El expresidente Fernando de la Rúa culpó del caos de 2001 y su salida en helicóptero de la Casa Rosada al FMI por «soltarnos la mano», insistiría hasta su muerte. A Macri le comparan con aquel Gobierno y la oposición kirchnerista se frota las manos con una imagen de abandono del Gobierno antes del 10 de diciembre, fecha de la investidura de su sucesor o de él mismo si logra lo que hoy parece imposible. Pero ni Macri es De la Rua ni el FMI de hoy es el de entonces.

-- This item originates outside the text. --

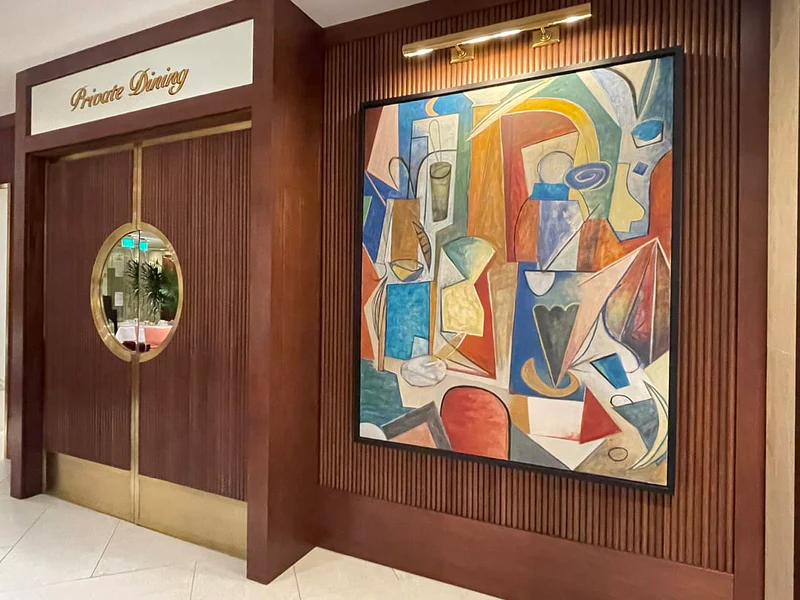 Exquisite Craftsmanship for Timeless Interiors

El organismo que tuvo en Christine Lagarde a la mejor amiga de Argentina no parece querer repetir la historia y mucho menos enviar señales que favorezcan la candidatura del kircherismo que arropa a Fernández, tutelado por la viuda de Néstor Kirchner.
El organismo de financiación más importante del planeta concedió el pasado año a Argentina una línea de crédito de 56.300 millones de dólares, de los que ya se han desembolsado 44.500, y divorciarse ahora por un vencimiento, a menos de dos meses de las elecciones verdaderas, supondría dar la puntilla a un aliado y acreedor dispuesto a pagar hasta el ultimo céntimo, extremo que Fernández puso en duda y amenazó, si es presidente, con recurrir a las arcas chinas de Xi Jinping.

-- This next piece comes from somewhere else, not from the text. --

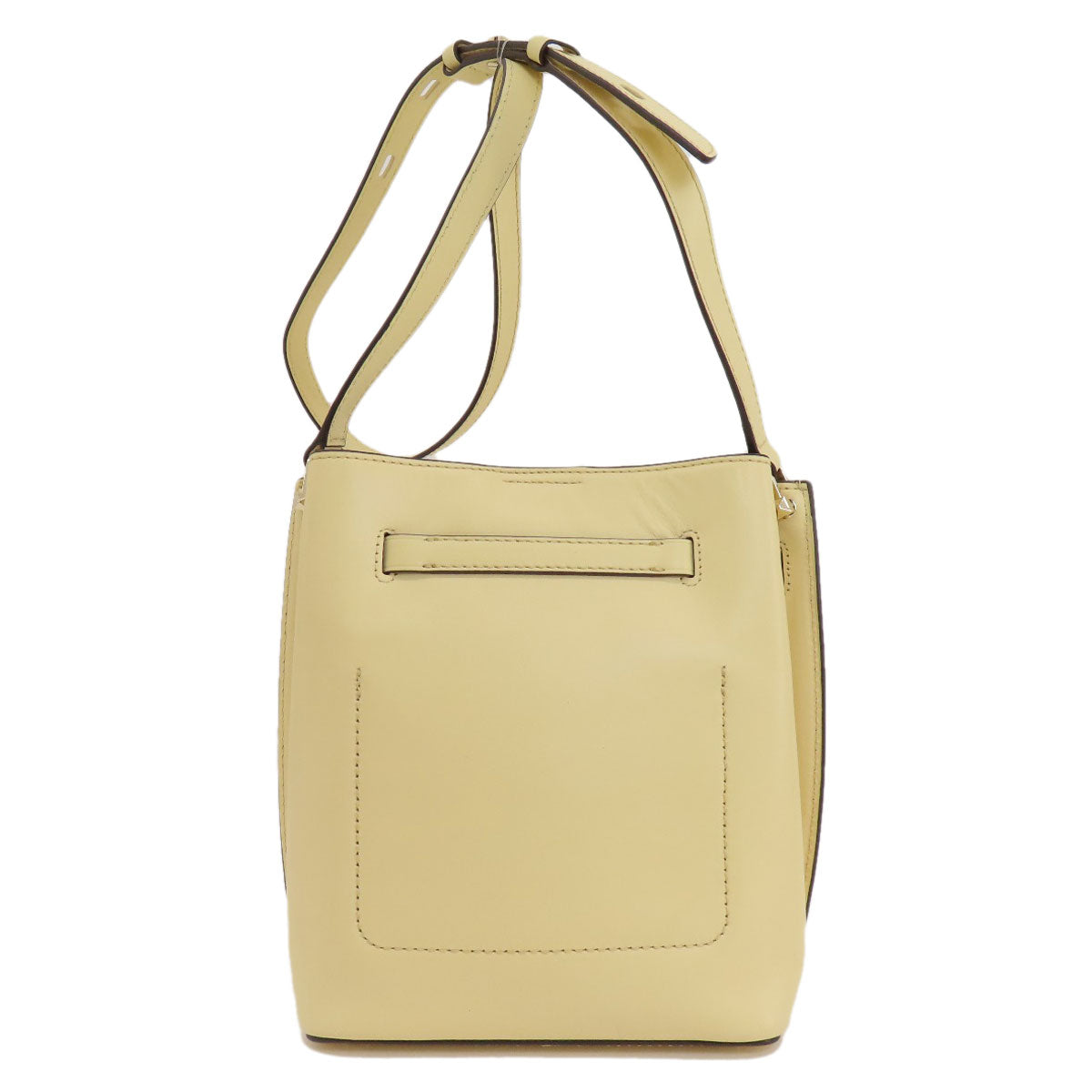 Michael Kors マイケルコース ロングショルダー ショルダーバッグ レザー レディース 中古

Mayor control a los bancos
El Banco Central advirtió, exclusivamente a la banca, de que necesitará desde ahora su «autorización previa» para «la distribución de sus resultados». Las razones radican en la necesidad de «mantener la liquidez del sistema, para que los depositantes puedan hacerse de la liquidez que demandan». La medida estuvo vigente de 2016 a 2018 y no pasó nada, pero estos días es otra la imagen que se recrea. La de uno de los banqueros que compartía una reunión de emergencia, el ultimo fin de semana de noviembre de 2001, con el por entonces ministro, Domingo Cavallo. El hombre, sin un centavo en los cajeros, le arrojó unas llaves sobre la mesa y le dijo, palabra más palabra menos: «O haces algo o mañana vas vos a abrir el banco». Argentina estaba en el origen del corralito. Y eso es lo que Mauricio Macri quiere evitar a toda costa con este mecanismo de control.

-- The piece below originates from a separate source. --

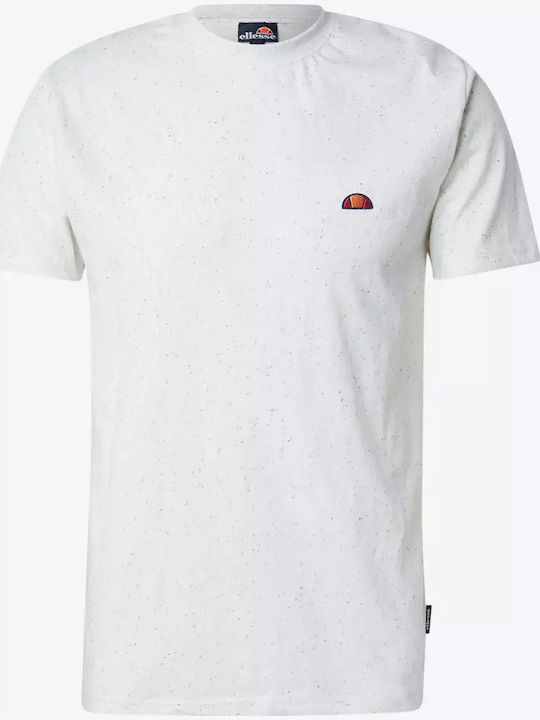 Community Club Gauguin T-shirt Off White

La voluntad de cumplir con las obligaciones financieras y resucitar en las urnas es real, pero el cuadro podría ilustrarse con Macri en un bote remando en dulce de leche. El anuncio para «reperfilar» los vencimientos de deudas, que no afectan a las personas físicas, tuvo lecturas peligrosas. En rigor, la decisión consiste en retrasar, entre tres y seis meses, los pagos a inversores institucionales. En ningún caso es una reestructuración o canje, ya que no hay «quita» ni intercambio de bonos. El FMI, por boca de su portavoz, Gerry Rice, declaró que entendía estas medidas como «pasos importantes para hacer frente a las necesidades de liquidez y para salvaguardar las reservas», que hoy rondan los 56.000 millones de dólares después tapar una hemorragia de 10.000 millones desde el 11 de agosto, fecha de las primarias que dejaron mal herido a Macri y a Alberto Fernández exultante con el 47% de los votos.